## [WORKING DATA]

----

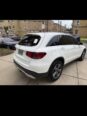 Luxury 2020 Benz GLC300 4matic: Fully Loaded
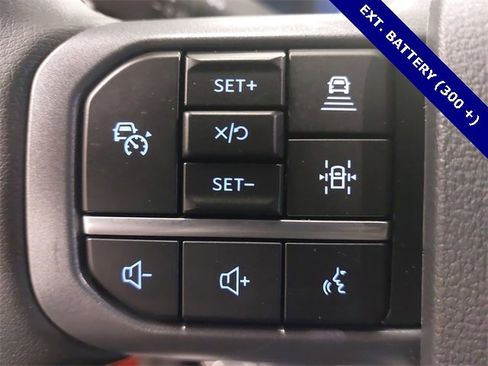 Certified 2025 Ford F150 Lightning Lariat w/ Max Trailer Tow Package image 17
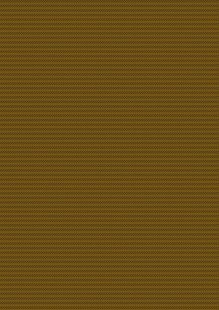 Makower Trinkets 2020 - 2/9003N1 Zig Zag Stripe Dark Khaki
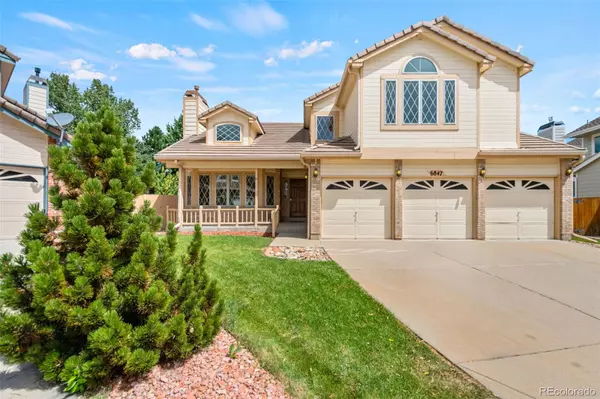 6847 Taft CIR, Arvada, CO 80004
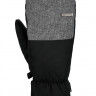 Варежки Prime Fun-F1 Mitten black/grey - Варежки Prime Fun-F1 Mitten black/grey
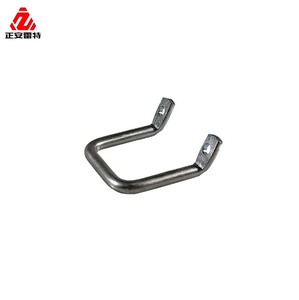 Perno en U Zhang'an Leite de Acero Inoxidable 304 con Rosca Estándar Métrica y Acabado Liso - Product Image 5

----

## [WHAT NEEDS TO BE DONE]
Take the lines from the one that contains "Варежки Prime Fun-F1 Mitten black/grey - Варежки" through the last line of the material above and reproduce them exactly, leaving out any pictures.

## [TASK RESULT]
 Варежки Prime Fun-F1 Mitten black/grey - Варежки Prime Fun-F1 Mitten black/grey
 Perno en U Zhang'an Leite de Acero Inoxidable 304 con Rosca Estándar Métrica y Acabado Liso - Product Image 5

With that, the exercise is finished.